Nascemos pois para a infinita possibilidade e não para a necessidade; nascemos apenas para uma mortalidade feliz em que o todo da criação permanece por terminar: o todo da criação onde tudo permanece incompleto - à espera da acção, à espera da participação individual na transformação da matéria, à espera desse acto gratuito que estabelece a relação entre os elementos, a relação entre as palavras, a relação entre os corpos. À espera, tão simplesmente, do princípio repetido e, por isso, co-primordial, de um acto de amor. Esta é uma poesia agonista e de limite, mas também, e simultaneamente, uma poesia em que o processo alquímico do estabelecimento de relações produz a transfiguração per-manente do mesmo e nisso se regozija, celebratória: respirando as vértebras. Como um recém nascido, que inspira pela primeira vez o ar e aí se reconhece corpo, fora do limite do ventre da mãe, entrando agora e apenas no limite de si próprio, no limite das suas próprias vértebras ao ar nos pulmões.

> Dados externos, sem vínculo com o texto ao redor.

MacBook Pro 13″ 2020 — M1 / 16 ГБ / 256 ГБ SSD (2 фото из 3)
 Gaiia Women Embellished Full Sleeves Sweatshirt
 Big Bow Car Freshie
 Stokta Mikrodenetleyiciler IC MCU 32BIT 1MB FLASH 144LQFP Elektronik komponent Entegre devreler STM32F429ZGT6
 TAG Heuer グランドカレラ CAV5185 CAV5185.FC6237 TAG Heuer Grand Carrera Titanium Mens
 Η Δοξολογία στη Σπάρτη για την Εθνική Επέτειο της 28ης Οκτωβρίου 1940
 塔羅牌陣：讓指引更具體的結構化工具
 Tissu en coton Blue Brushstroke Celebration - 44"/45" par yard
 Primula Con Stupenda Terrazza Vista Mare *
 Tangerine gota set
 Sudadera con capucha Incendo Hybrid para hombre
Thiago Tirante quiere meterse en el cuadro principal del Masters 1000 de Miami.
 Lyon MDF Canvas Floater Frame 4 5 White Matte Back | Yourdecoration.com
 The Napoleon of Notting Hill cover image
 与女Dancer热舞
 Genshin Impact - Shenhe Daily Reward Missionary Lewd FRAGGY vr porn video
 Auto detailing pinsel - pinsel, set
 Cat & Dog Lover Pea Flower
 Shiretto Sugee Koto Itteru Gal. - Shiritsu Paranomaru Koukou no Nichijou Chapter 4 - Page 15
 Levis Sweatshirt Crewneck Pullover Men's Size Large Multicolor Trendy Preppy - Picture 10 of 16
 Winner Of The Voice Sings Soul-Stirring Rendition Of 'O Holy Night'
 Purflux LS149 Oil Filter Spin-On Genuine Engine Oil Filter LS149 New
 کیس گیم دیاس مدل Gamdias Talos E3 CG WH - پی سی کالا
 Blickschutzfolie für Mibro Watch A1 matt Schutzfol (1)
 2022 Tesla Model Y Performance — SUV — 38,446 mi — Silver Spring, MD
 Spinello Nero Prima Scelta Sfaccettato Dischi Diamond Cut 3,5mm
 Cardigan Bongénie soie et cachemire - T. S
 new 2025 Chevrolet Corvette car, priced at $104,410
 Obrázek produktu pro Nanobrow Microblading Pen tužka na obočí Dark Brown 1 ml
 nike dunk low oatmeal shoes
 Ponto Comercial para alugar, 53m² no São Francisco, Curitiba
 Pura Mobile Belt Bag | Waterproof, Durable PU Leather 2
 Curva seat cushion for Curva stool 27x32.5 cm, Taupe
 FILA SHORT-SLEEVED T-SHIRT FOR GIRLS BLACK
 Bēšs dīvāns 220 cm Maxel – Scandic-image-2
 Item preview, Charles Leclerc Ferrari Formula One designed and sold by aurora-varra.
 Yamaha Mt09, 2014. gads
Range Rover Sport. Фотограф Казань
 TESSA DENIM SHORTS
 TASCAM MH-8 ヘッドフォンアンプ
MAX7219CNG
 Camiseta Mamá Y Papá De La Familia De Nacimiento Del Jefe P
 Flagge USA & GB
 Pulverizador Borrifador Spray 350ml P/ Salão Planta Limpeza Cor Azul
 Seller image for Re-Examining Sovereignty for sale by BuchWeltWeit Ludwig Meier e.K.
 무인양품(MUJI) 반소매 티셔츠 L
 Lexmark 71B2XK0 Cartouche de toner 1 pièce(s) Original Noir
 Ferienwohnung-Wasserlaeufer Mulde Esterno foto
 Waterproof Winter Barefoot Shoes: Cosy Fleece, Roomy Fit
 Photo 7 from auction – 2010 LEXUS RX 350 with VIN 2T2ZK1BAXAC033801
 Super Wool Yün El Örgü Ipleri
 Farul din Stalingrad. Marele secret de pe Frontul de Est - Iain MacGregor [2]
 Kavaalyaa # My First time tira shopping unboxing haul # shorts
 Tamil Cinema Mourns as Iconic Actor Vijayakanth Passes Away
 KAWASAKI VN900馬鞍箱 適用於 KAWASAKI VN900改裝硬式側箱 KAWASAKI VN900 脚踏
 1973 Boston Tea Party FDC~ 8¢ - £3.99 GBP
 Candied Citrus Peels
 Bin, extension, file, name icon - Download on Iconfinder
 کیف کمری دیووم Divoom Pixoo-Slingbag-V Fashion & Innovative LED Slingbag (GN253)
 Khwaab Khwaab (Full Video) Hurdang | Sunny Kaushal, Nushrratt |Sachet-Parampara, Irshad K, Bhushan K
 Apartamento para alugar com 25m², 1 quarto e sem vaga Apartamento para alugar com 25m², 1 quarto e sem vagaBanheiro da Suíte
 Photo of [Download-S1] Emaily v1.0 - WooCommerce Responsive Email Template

Afirma o poeta, em "Respiração das Vértebras" (pp. 9-14):
1
No íntimo do caos
o corpo flutua no infinito desigual
dos últimos milénios
às vezes troca de morada
e na casca trémula da pedra
ensaia uma fuga abstracta
em volta do seu corpo
um poder feminino
o misterioso feminino que dizem ser
uma pequena concha imortal. (...)
4
No cerne do fogo na argila da criação
os corpos interrogam as coisas e emudecem
o deslumbramento do primeiro dia
o fascínio da descoberta sobre
um corpo intensamente só. (...)
6
Os corpos necessários no remoinho da garganta
desaparecem como floresta abatida
como a folhagem iluminada das antigas idades
a respiração duradoura e frágil
o salto imortal de uma miragem.

O salto imortal é o repetido salto para a eternidade do processo que é a vida, "respiração duradoura e frágil". As antigas idades recordam-nos, sugestivas, essa passagem do humano pela História, idades que são marcas do que já não está e que contudo permanece. E a garganta faz-se então o remoinho, metonímia do humano e da linguagem, lugar momentâneo e sôfrego querer engolir o mar que é todo da criação. O mesmo lugar momentâneo e sôfrego que é o corpo da paixão do Amante pelo corpo Amado. E o corpo do amante é o corpo do poeta, tal como o corpo da amada é o corpo da linguagem, a própria poesia. Aí o poeta/amante se dá vida, respira as vértebras e se transfigura: corpo de argila que vai cozendo em novo molde, até que adormece "como espiga madura e exausta", diz Rasteiro ("Presságio",p. 23).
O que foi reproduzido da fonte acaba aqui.